After a restless sleep filled with coughs and sneezes (I've got a cold), I woke up in a fog. Literally. No view. Nothing. Just a lot of thick white fog that nestled itself into every possible crevice of the landscape and suffocated it. I walked to the center of town, keely aware of how out of place I
looked into this itty bitty pueblo and chose a German spot for breakfast. Facing the white sheet that had been pulled over the land, I enjoyed the first decent cup of coffee I've had in a month, and chatted with a couple from Denmark. But as a bizarre mix of Bob Marley, opera, Eric Clapton, bad 80s electronica and samba tunes swung through the air, shy Coroico slowly parted her cottony curtain to reveal a lush, emerald green vista. I oohed and aahed diligently, snapped photos, and still came to the conclusion that I would rather sleep in the spider-free comfort of Zona Sur in La Paz. I had just enough time to change my bus seat, walk around the center plaza, and chill out on the hostel's mountainside deck. Interestingly enough, I ran into yet another 70-something Bolivian man, who struck up a conversation with me during the uphill trek back to the hostel -- at least this one was nice. He'd worked on a merchant ship that brought goods back and forth from China, Japan, Hong Kong and Taiwan.
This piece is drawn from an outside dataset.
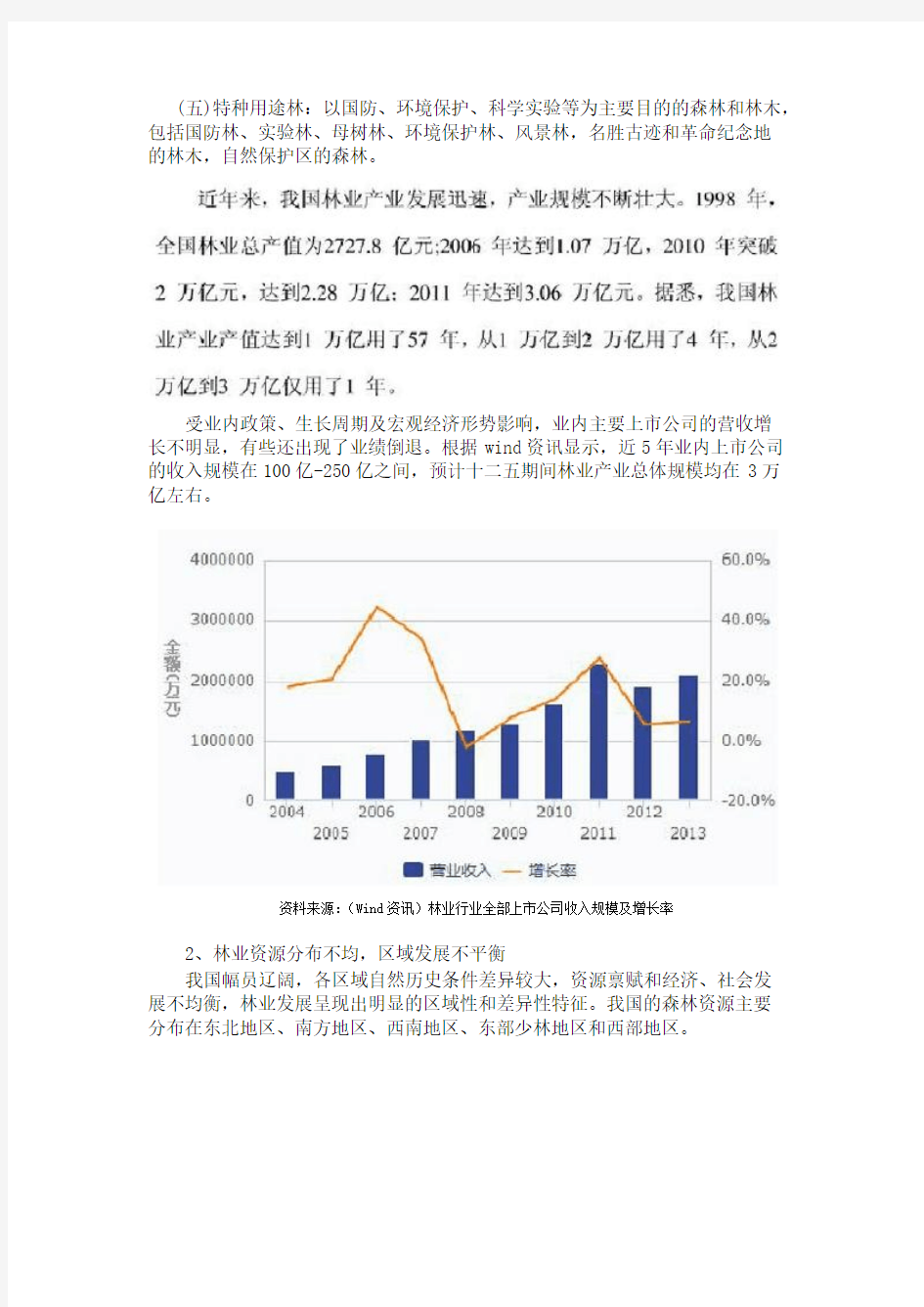 中国的林业行业分析报告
The ride back to La Paz was wonderfully uneventful, although I bet the other passengers were quietly laughing at the Asian tourist who kept opening the window to take pictures. I've posted below some of the better pictures of Coroico and the ride back. As picturesque as it all is, I was glad to finally make it back to the place I've called home for the past month. Plus, cutting the Coroico trip short meant that I would have one more opportunity to see the boys I had to say goodbye to on Friday. More on that tearful goodbye later. I return to the States tomorrow, hardly able to believe that I've been in Bolivia for a month.